Ruthwell is a village and parish on the Solway Firth between Dumfries and Annan in Dumfries and Galloway, Scotland. In 2022 the combined population of Ruthwell and nearby Clarencefield was 400.

Thomas Randolph, Earl of Moray, gave Ruthwell to his nephew, Sir William Murray, confirmed to Sir John Murray, of Cockpool, in 1509 by King James VI. He was later given the title Earl of Annandale: their landownings in Ruthwell passed by inheritance to Lord Stormont in 1658, and after 1792 to the Earls of Mansfield.

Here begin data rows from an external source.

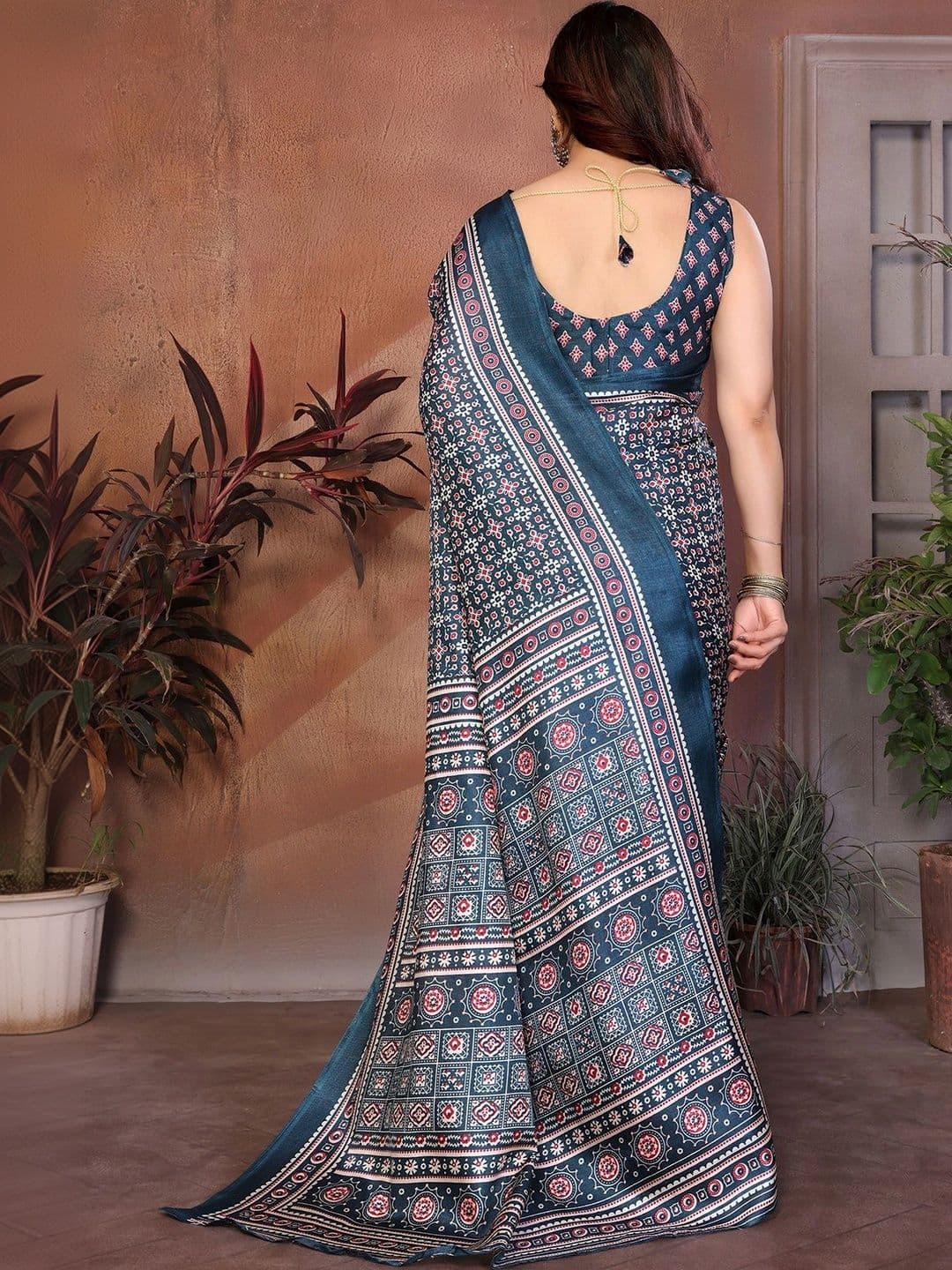 NIRVAAN Bandhani Art Silk Saree thumbnail 2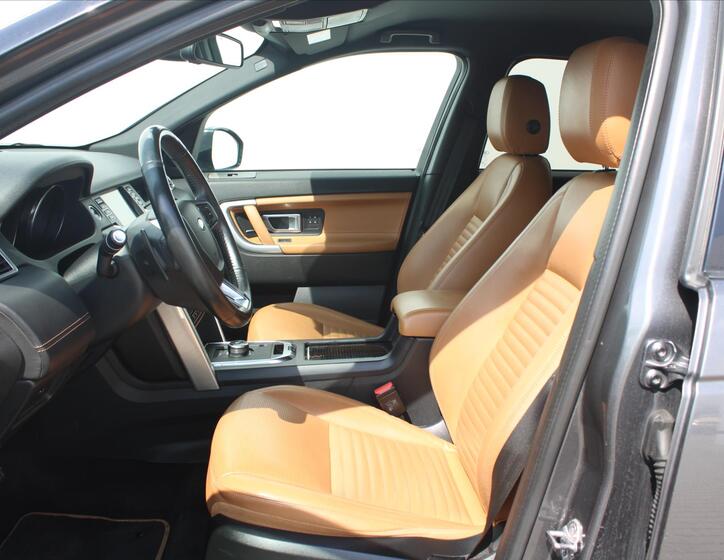Land Rover Discovery Sport 10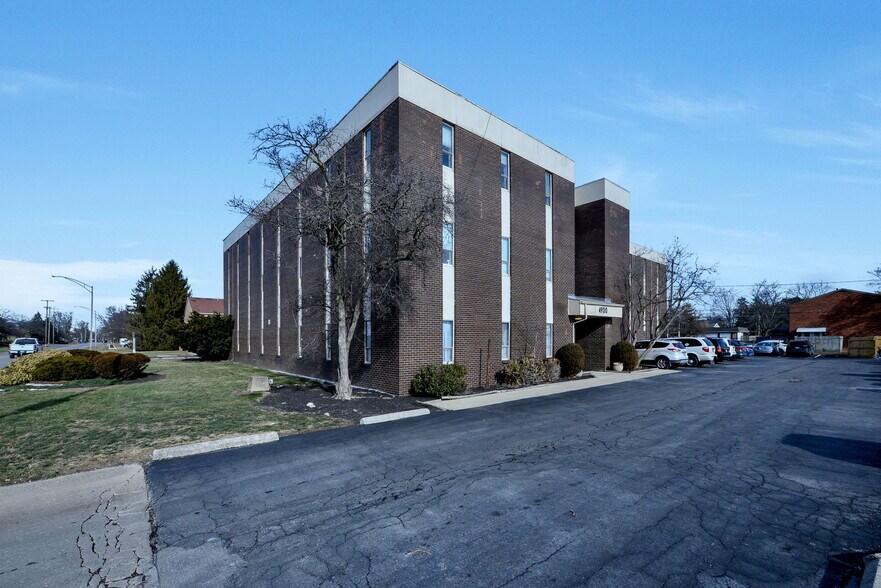 4900 Reed Rd, Columbus, OH for lease - Building Photo - Image 2 of 18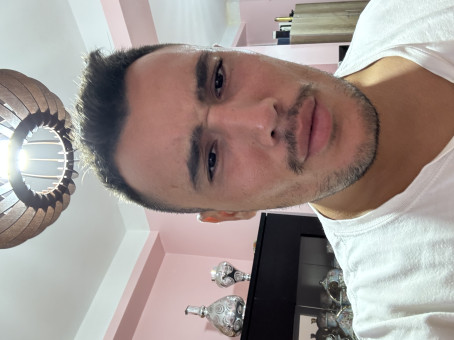 Amir Rouchou, 26, Algeria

Ruthwell's most famous inhabitant was the Rev. Henry Duncan. He was a minister, author, antiquarian, geologist, publisher, philanthropist, artist and businessman. In 1810 Dr Duncan opened the world's first commercial savings bank, Ruthwell Savings Bank, paying interest on its investors' modest savings. The Henry Duncan Savings Bank Museum tells the story of early home savings in Britain. The museum is on the site of the Ruthwell Savings Bank.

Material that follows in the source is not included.